Николай Лесков - Русское общество в Париже
— Как же вы ее будете делать? какую карьеру?
— Протекцией.
— А протекцию где возьмете?
— Уроки найду; ну а там сойдусь, понравлюсь.
— Чему же вы будете учить?
— По-русски-с буду учить.
— Вы учили когда-нибудь?
— Нет-с.
— Как же вы это надумали?
— Протекции никакой нет-с в России: там куда же я, почтамтский чиновник, сунусь? Я сюда и приехал.
— Да ведь вы здесь пропадете.
— Нет-с, ничего-с. Я протекцию нашел.
Я просто диву дался.
— Какая же это протекция вам в Париже?
— Я у батюшки был-с.
— У которого?
— У отца Иосифа.
— И что же?
— Обещал устроить-с на уроки.
Прошел месяц, встречаю я опять этого же господина и спрашиваю: «Ну что? как вам живется?»
— Ничего-с, хорошо.
— Есть уроки?
— Слава Богу-с, шесть уроков в неделю.
— Почем же?
— По пяти франков-с!
— Что ж!
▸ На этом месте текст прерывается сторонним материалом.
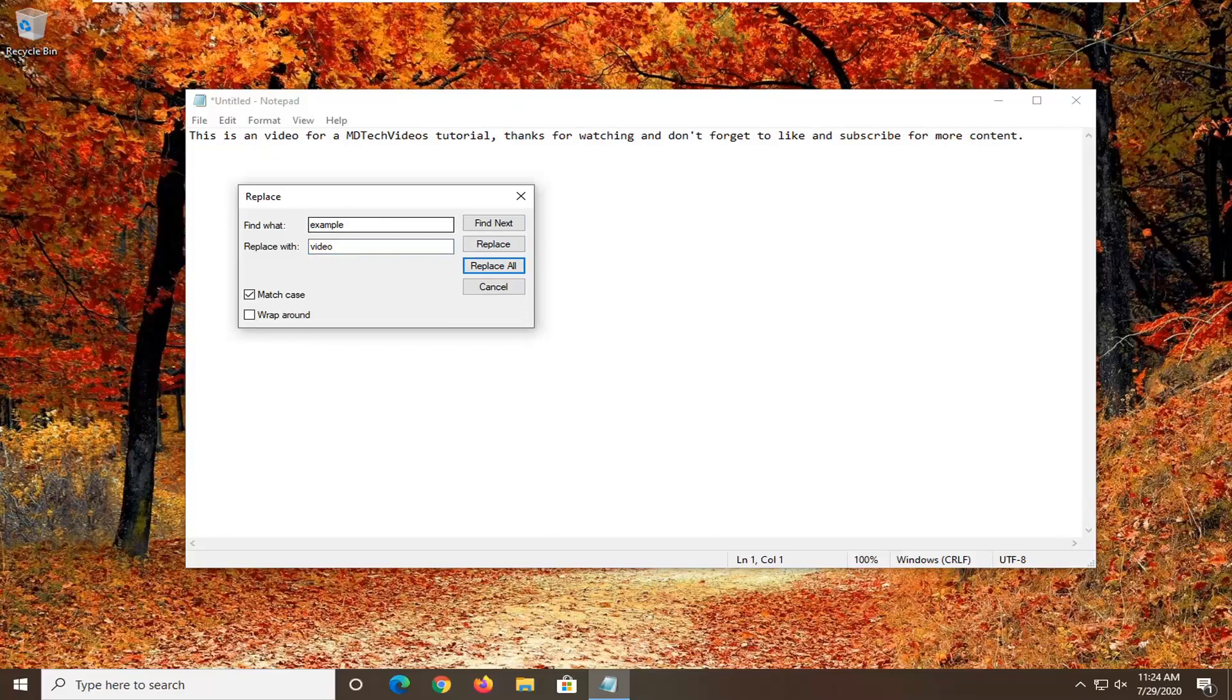And you can see it does that. So you can see where it says this is an example, now it becomes video because that's what I replaced it with.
Это хорошо.
— Ничего-с.
— А о протекции-то уж забыли.
— Нет-с. Как же можно-с. Я у князя Z. даю уроки-с. Буду просить письмо-с. Их брат большое лицо в Петербурге. Графиня Y. тоже-с обещала писать обо мне.
— Долго же вы теперь останетесь за границей?
— Пока, Бог даст, улажусь.
Я оставил этого господина в Париже. На лето он собирался выехать со своей графиней в Ниццу, а там уж, верно, уладится и приедет с готовой протекцией в Петербург и подлезет к большому человеку.
Этот учитель только дурачок и пролаза, лакейчик, искатель протекции. Таких есть, с небольшими оттенками, еще человек пять-шесть. Все они круглые невежды и люди самые пошленькие, натурки самые обыденные; но еще они не крайняя степень гадости в парижском педагогическом русском мире.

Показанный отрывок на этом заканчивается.